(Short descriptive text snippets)
>>>

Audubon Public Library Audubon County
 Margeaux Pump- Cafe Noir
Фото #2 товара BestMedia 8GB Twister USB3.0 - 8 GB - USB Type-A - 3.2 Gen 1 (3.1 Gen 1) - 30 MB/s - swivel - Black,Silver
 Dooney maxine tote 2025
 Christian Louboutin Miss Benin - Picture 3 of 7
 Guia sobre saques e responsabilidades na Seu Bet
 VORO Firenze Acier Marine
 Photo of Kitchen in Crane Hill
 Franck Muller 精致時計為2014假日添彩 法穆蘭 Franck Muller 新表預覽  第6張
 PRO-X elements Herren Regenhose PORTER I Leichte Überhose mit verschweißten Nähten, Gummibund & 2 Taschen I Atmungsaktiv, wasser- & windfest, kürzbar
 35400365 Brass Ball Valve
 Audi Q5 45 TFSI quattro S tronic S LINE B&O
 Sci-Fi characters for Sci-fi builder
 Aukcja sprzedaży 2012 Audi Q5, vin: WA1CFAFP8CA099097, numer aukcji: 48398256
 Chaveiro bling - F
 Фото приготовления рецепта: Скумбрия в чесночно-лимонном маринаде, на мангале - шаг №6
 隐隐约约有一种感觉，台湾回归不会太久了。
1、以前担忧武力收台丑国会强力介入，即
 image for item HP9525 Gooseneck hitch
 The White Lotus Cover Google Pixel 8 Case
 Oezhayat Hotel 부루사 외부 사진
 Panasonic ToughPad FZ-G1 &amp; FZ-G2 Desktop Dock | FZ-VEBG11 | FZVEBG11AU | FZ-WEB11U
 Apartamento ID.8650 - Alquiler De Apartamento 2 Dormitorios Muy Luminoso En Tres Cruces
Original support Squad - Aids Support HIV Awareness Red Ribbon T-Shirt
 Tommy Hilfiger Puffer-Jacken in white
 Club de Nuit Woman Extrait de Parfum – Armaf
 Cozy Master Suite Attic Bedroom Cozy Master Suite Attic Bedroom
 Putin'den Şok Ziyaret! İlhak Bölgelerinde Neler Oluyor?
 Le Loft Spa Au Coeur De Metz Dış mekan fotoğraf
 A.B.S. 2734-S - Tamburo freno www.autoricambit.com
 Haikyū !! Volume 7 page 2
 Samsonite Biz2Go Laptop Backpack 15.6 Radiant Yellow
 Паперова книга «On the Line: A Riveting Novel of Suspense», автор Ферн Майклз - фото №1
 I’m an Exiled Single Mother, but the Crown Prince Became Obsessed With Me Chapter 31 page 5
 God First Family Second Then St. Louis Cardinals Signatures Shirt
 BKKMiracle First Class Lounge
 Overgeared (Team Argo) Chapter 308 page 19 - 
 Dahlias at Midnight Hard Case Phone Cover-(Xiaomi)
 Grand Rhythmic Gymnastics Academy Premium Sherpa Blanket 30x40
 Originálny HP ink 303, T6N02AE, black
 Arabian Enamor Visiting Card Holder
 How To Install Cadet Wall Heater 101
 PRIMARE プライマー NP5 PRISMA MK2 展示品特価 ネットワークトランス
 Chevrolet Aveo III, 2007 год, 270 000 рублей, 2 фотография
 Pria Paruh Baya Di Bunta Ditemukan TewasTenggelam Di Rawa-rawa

<<<

**Action item**
Read the entries and select each line where the word "page" is found.

**Response to the exercise**
 Haikyū !! Volume 7 page 2
 I’m an Exiled Single Mother, but the Crown Prince Became Obsessed With Me Chapter 31 page 5
 Overgeared (Team Argo) Chapter 308 page 19 - 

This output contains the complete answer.